Archive | May 11, 2015

Microblog Mondays – Glad that M day is behind me

Microblog_MondaysI had gone to take my mum some beautiful roses last Thursday and spend a little time with her.  She had a wheelchair sore so she was lying on her side in bed.  I told her about my gig and she was so excited about it.  So much so that she started to get quite agitated and started yelling and so I just sat quietly and waited for her to calm down.   I could not find the remote to the TV (things are always disappearing in a home), so I just turned on the radio.  I tried to get her singing to get her “unstuck” but it didn’t really work.  I could not stay long and had to rush back to pick up my son, got stuck in traffic and hubby ended up going to get him at school.  When I arrive, I give my son a steamed milk from Starbucks as I know sometimes he can be cranky pants after a long day at school.  He takes one sip and announces he doesn’t like it and wants me to go home and bring him warm milk from home.   I wanted to throttle him.  I reminded him of all the starving children in Nepal with no homes.  My prince was unmoved. I tell him instead that that is the last time I will ever buy him steamed milk from Starbucks and we all go home.

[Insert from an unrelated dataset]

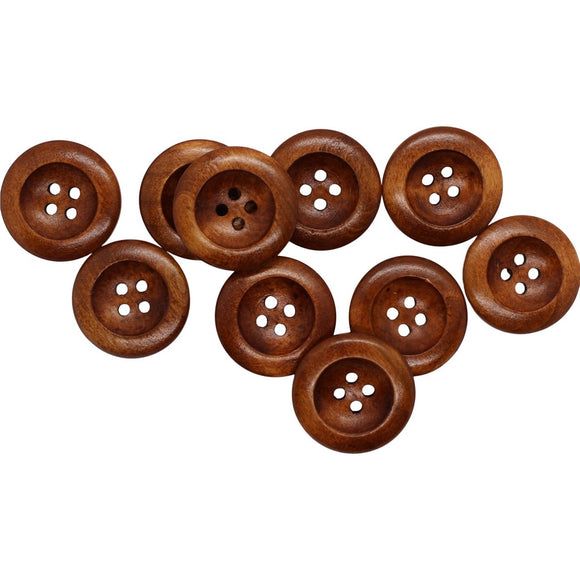 25mm Round Wooden 4 Hole Buttons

I’m not really crazy about Mother’s Day.  With the exception of my first one, it’s all a bit much with overpriced menus and media ads for jewellery and such.   It really has always been about my own mother but since she’s been in a home for almost 13 years, it’s a little bittersweet for me.

My son was excited to give me this fancily wrapped gift he brought home from school.  I opened it up and it was a flower bouquet attached to a dragonfly. Also a lovely homemade card and bookmark.  I oohed and aahed over it.  It was wonderful!

This weekend we left to go the island to visit my inlaws as they had family over from Europe. I just missed my mum, but instead of feeling whatever I’m feeling over it or talking about it, I just don’t.  My MIL understood and bless her heart for being the only person to understand how I felt.

I had a beautiful moment with my son.  I told him how happy I was to be his mother and he told me that he picked me.  I told him that the woman who gave birth to him wanted him to have a mummy and a daddy and she chose us to take care of him.  He asked why I couldn’t have a baby out of my tummy.  I said I tried but it was broken. He said, did you try everything?  Yes, I did, but I’m so happy and lucky to be your mother.

Later I sent a text to his birthmother expressing my gratitude and wishing her a Happy Mother’s Day with her 2 sons. I wonder how she feels about it.

We all had a nice brunch, I looked fabulous and this week I will be working on appreciation and gratitude.  And getting over this massive cold that I now possess.